Description
A delicious casserole featuring golden chicken simmered with apples, bacon, and herbs in a rich Normandy cider cream sauce.
Ingredients
Scale
- 6 Chicken thighs & legs
- 2 cups Dry apple cider
- 2 Apples, sliced
- 1 cup Heavy (double) cream
- 200g Bacon lardons
- 2 Shallots, chopped
- 3 Garlic cloves, minced
- 1 Celery stalk, chopped
- 2 sprigs Fresh thyme
- 1 cup Chicken stock
- 2 tbsp Flour
- 2 tbsp Brandy or whiskey
- Salt to taste
Instructions
- Season chicken and brown skin-side down in a wide casserole until golden; remove and set aside.

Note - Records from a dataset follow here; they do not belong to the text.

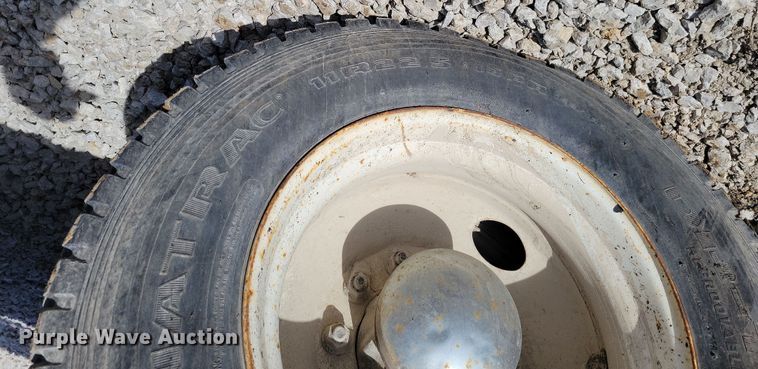 image for item DK4201 1998 Freightliner FL80 crane truck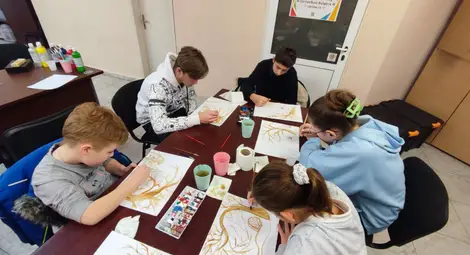 &bdquo;Образователен калейдоскоп&ldquo; на Каритас насърчава детското въображение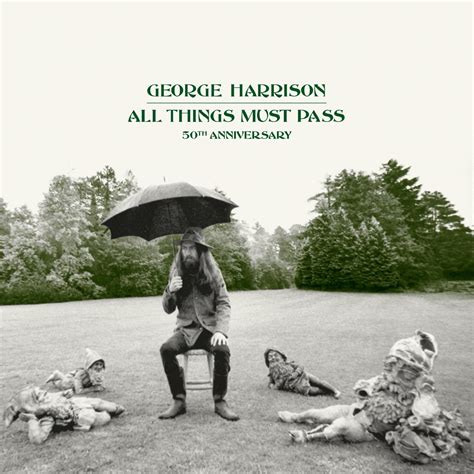 ‎all Things Must Pass 50th Anniversary Album By George Harrison
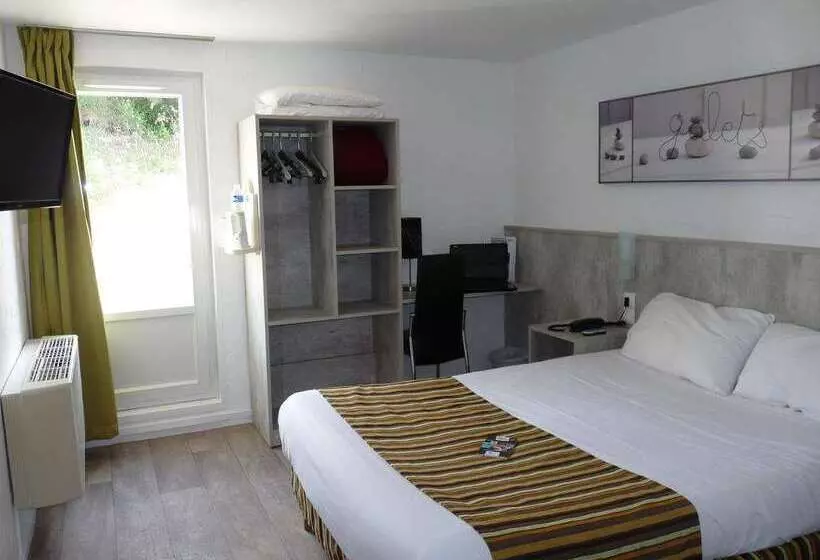 Brit Hotel Bosquet Carcassonne Cité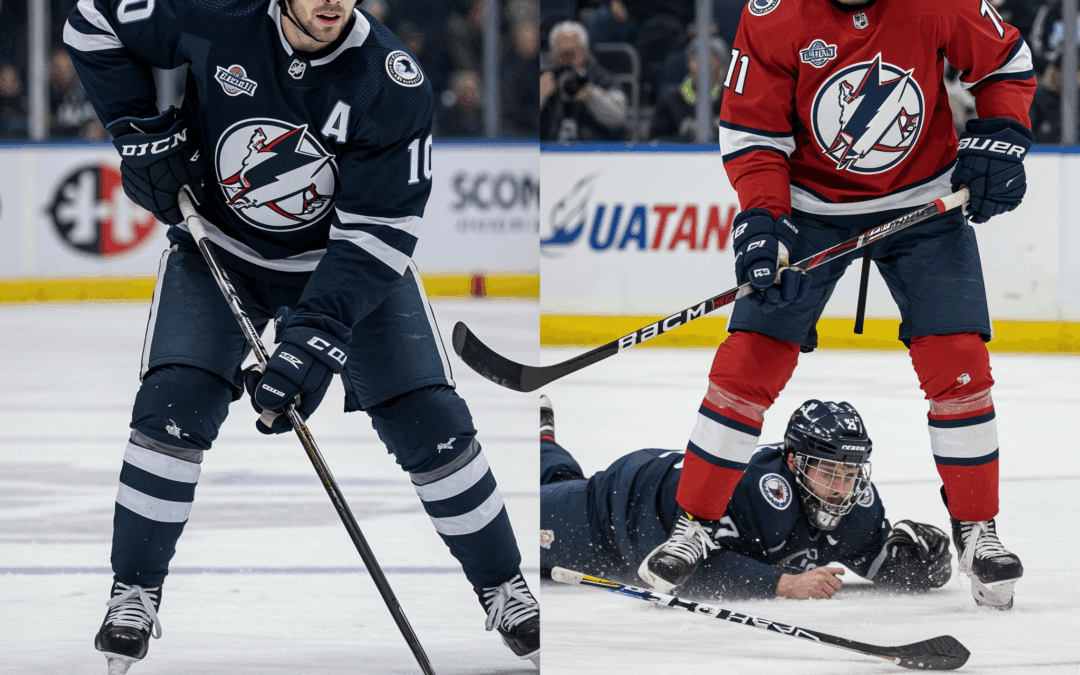 Humour Sportif vs Sérieux du Sport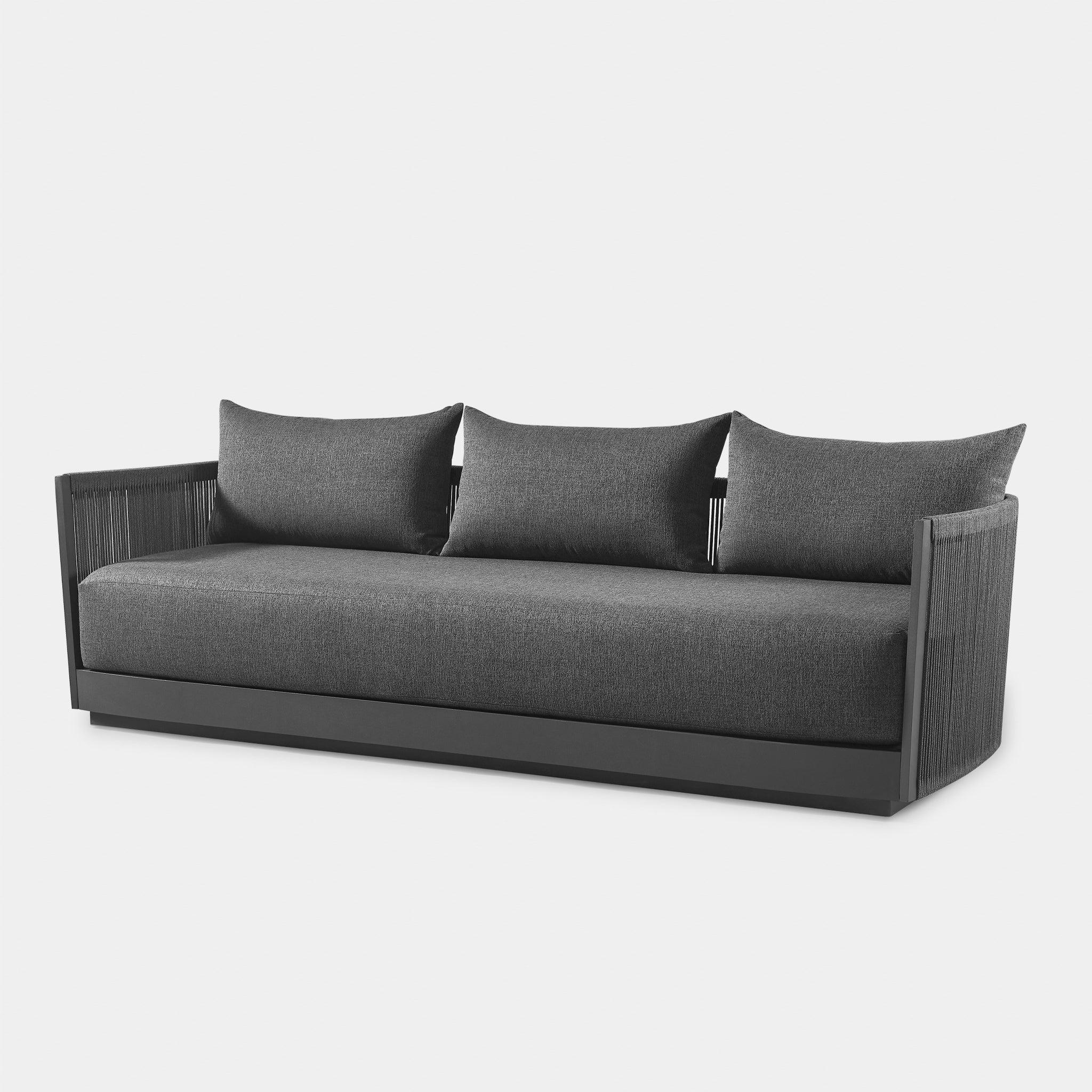 Antigua 3 Seat Sofa - Image 4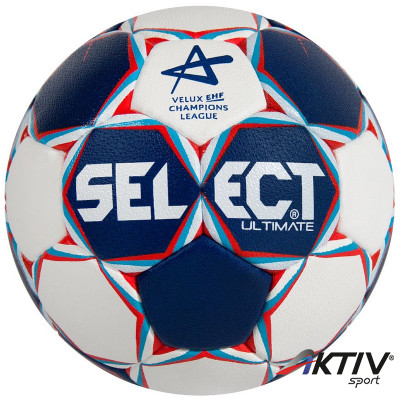 Kézilabda Select Velux EHF Bajnokok Ligája Match Ball 2016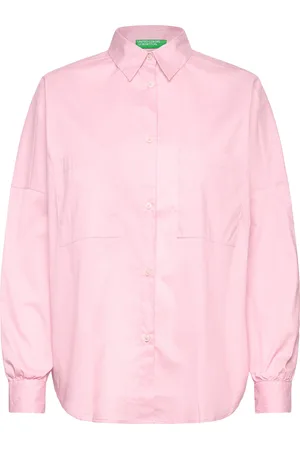 Benetton Shirt Pink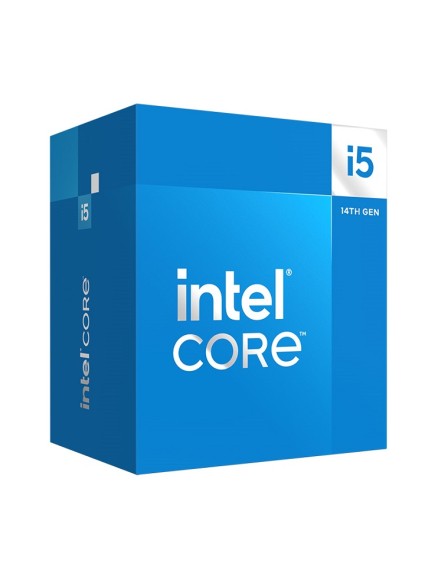 INTEL CPU Core i5-14400, BX8071514400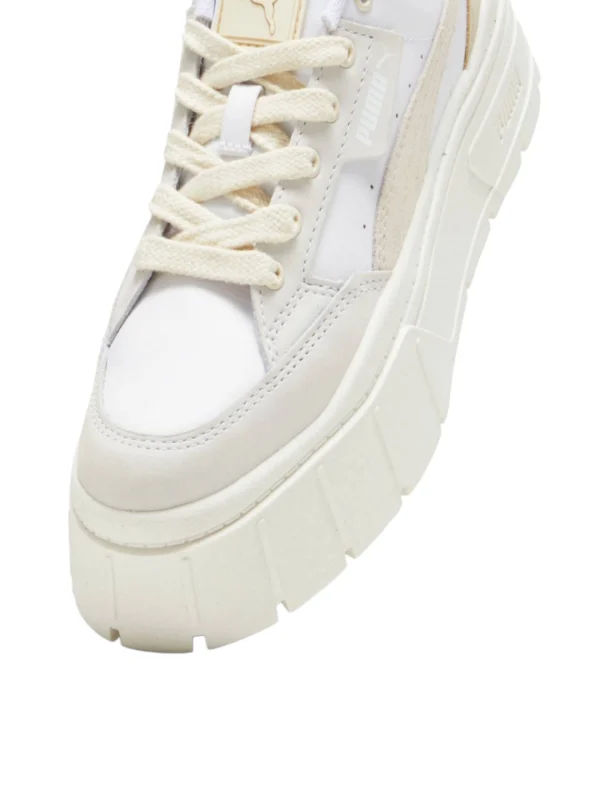 کتونی پوما مدل Women's Mayze Stack Cord Shoe - تصویر 4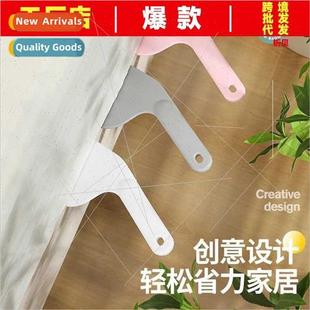 bed spreading artifacts Home plug organizer fixed labo linen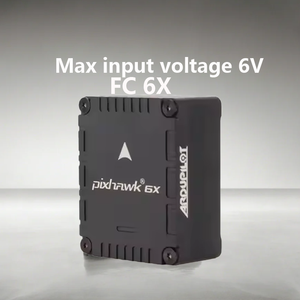 Vluchtbesturing Gps voor Holybro Pixhawk 6x-rt Autopilot <span class=keywords><strong>Flight</strong></span> <span class=keywords><strong>Controller</strong></span> Ingebouwde sensoren - Product Image 1
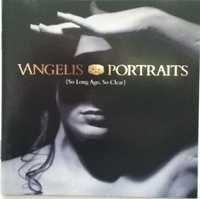 Vangelis - - - - - - - - Portraits ... ... CD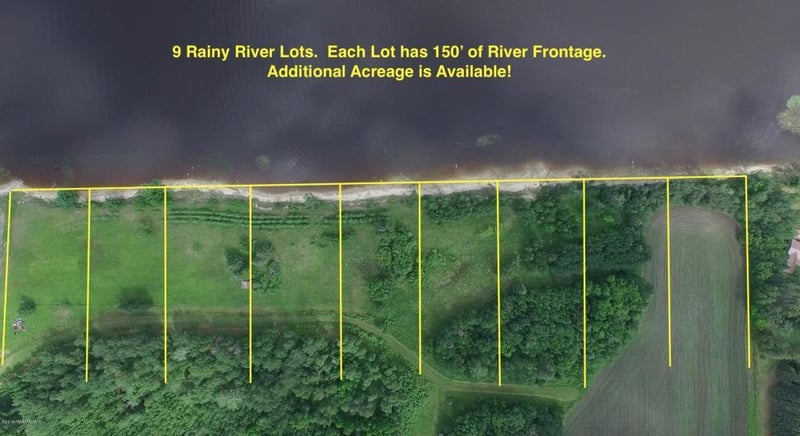 xxxx Maple Drive Nw, Baudette, MN 56623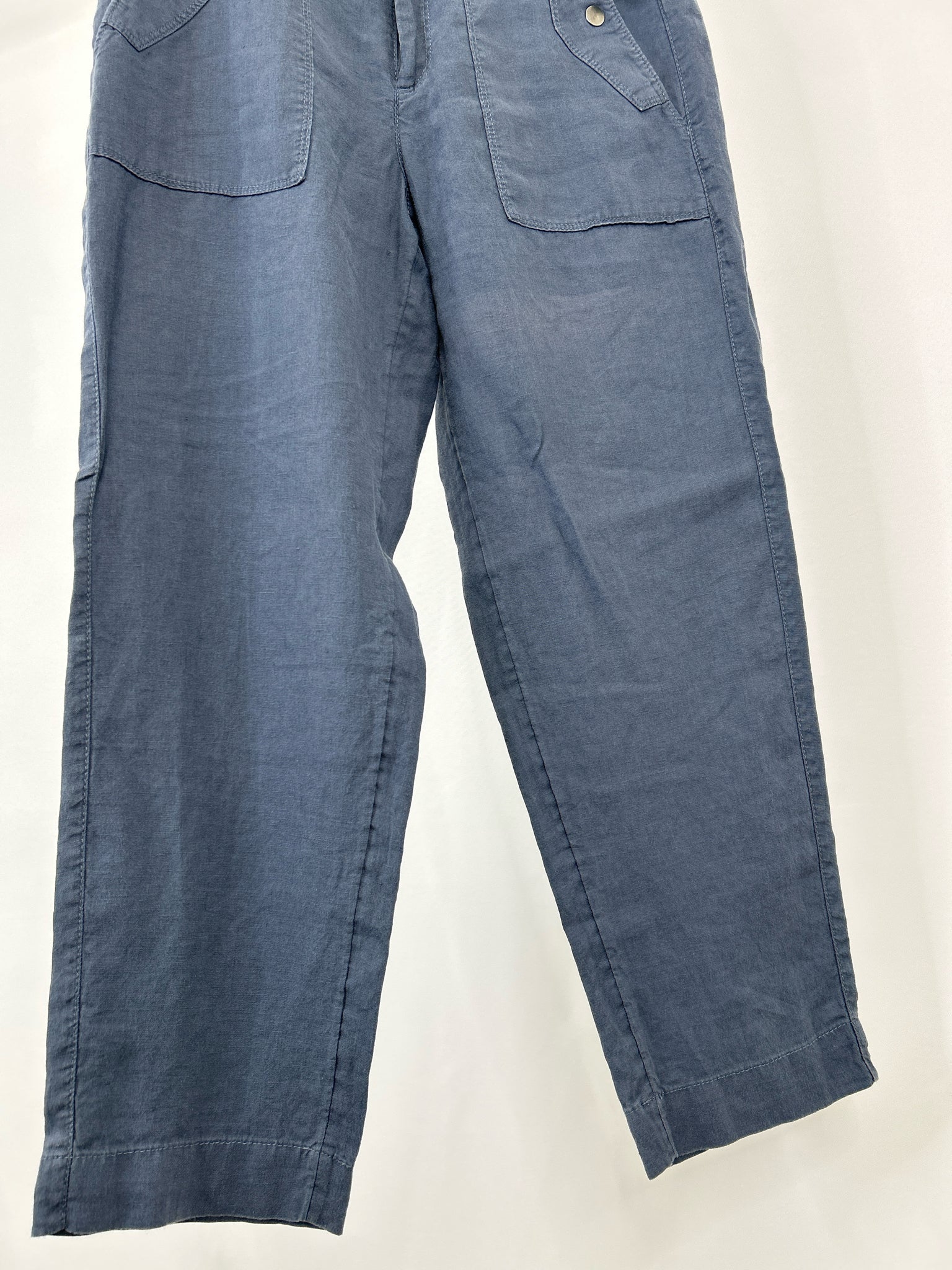 ATHLETA Size 4 SLATE Women's Pants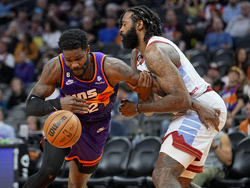 Nuggets Suns Basketball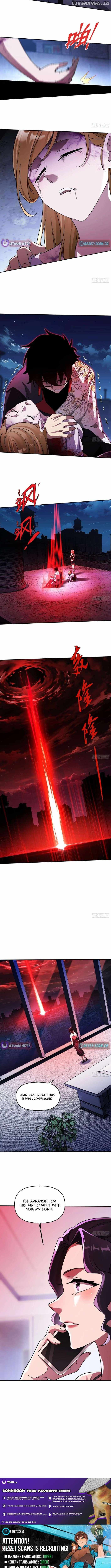 Reborn in a Cyber Cultivation World, I Fight My Way to the Top Chapter 22 - Page 4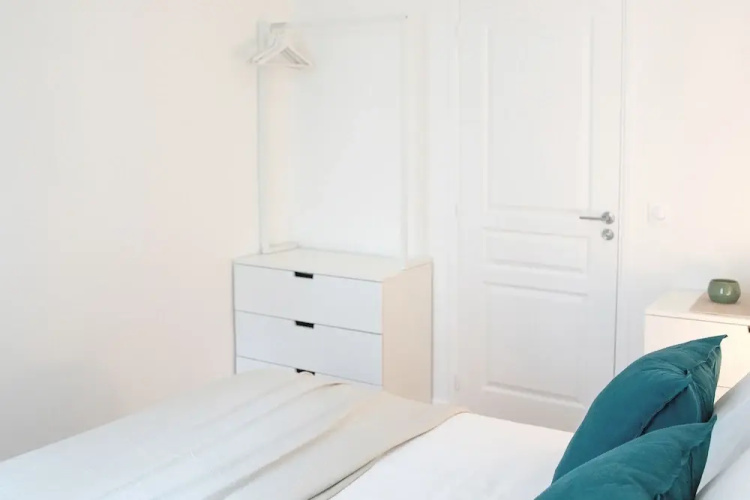 Central Paris 1BR near Montorgueil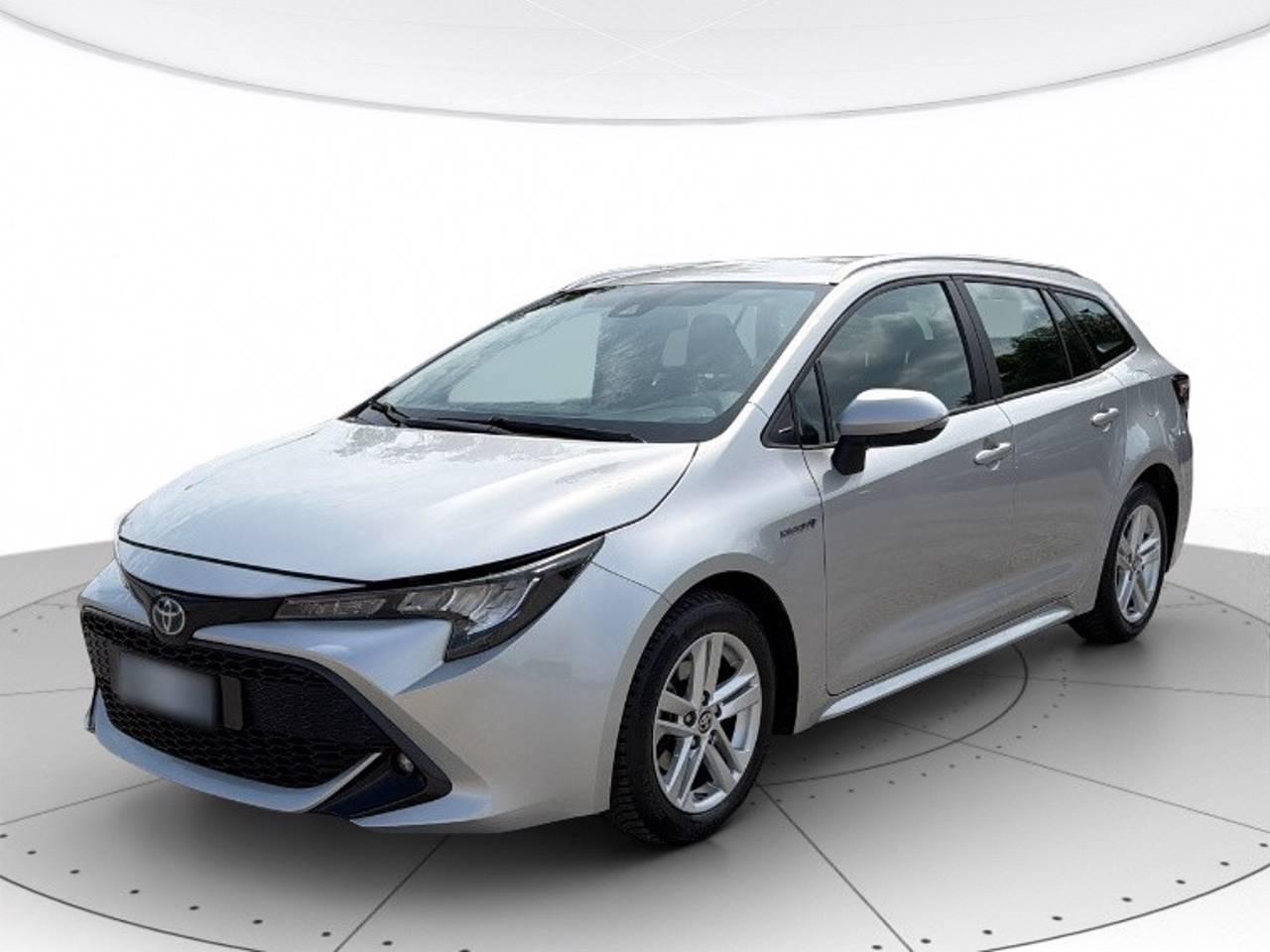 Toyota Corolla Usato 2022 Corolla Mestre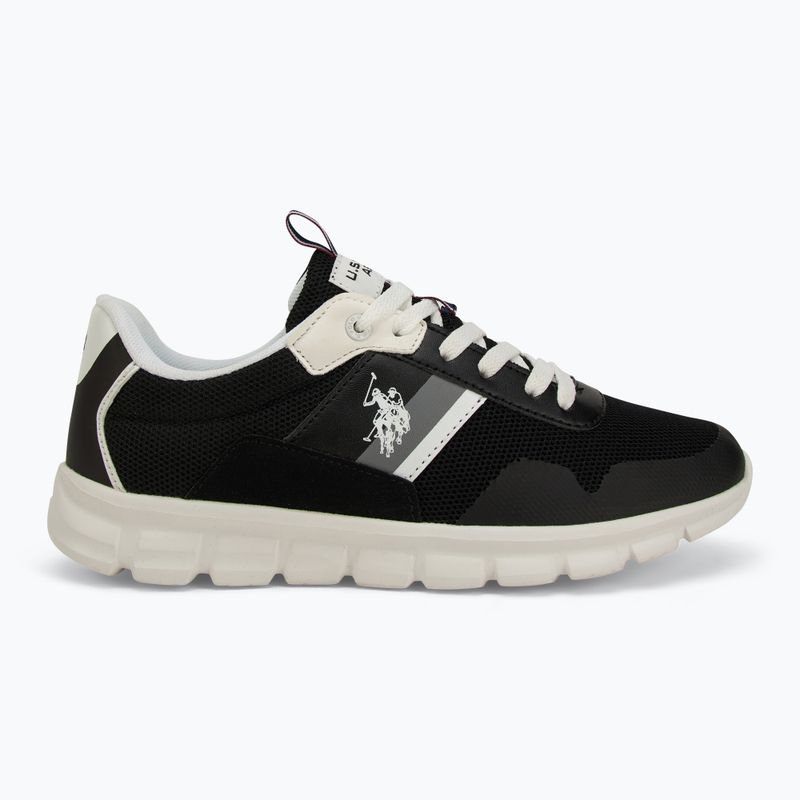 Vyriški batai U.S. Polo Assn. GARY001B black 2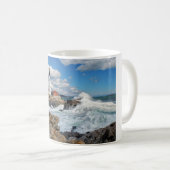 Mug du phare du Maine (Devant droit)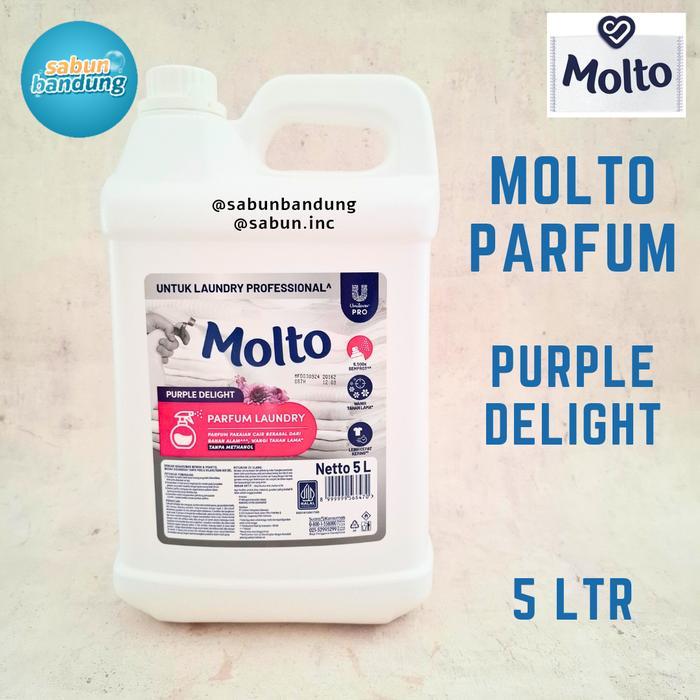 MOLTO PARFUM LAUNDRY WANGI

- Render bacon lardons in the same pot; add shallots, garlic, and celery, cooking until soft.
- Sprinkle flour over vegetables and stir to form a light roux.
- Deglaze with brandy, then add apple cider and chicken stock; simmer briefly.
- Stir in cream and thyme, then nestle chicken and apple wedges into the sauce.
- Cover and bake until chicken is tender and sauce thickens, uncovering for the last 15 minutes to brown.
Notes
- For a richer flavor, use a good quality dry apple cider.
- Feel free to substitute chicken breasts if preferred.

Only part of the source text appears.